Выждав несколько мгновений, он продолжал уже более пониженным тоном:
— Разумеется, после обыска у вас, произведенного вчера вечером, вы имели время предпринять шаги для своей реабилитации, но отношение краковской полиции в вашем деле бесполезно: оно касается прошлого, а не настоящего… Сколько времени прошло, как вы уехали из Кракова в Поронин?
— Три месяца, но, тем не менее…
— Как же может ручаться за вас краковская полиция, если вы уже три месяца живете не в Кракове? — перебил староста. — Тем более что теперь военное время и наблюдение со стороны полиции гораздо строже. А у вас вот, оказывается, отобран во время обыска браунинг! Спрашивается, зачем вы хранили его, не имея на то разрешения от краковской полиции, к которой обращались?

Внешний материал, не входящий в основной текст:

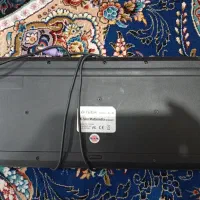 کیبوردA4TECH|قطعات و لوازم جانبی رایانه|محمدشهر, عباس آباد|دیوار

— Револьвер мой не был заряжен, — сказал Владимир Ильич, — а незаряженный револьвер такое же оружие, как любой камень того же веса.
— Однако у вас в столе хранился не камень, а что касается патронов…
— То их вообще у меня не было, — перебил теперь уже Владимир Ильич.
— То они, конечно, хранились вами где-нибудь в другом месте, — докончил староста. — А эти тетради ваши, полные статистических данных об Австрии?
И он начал перелистывать одну из тетрадей, явно не интересуясь содержанием ее и останавливаясь глазами только на рядах цифр.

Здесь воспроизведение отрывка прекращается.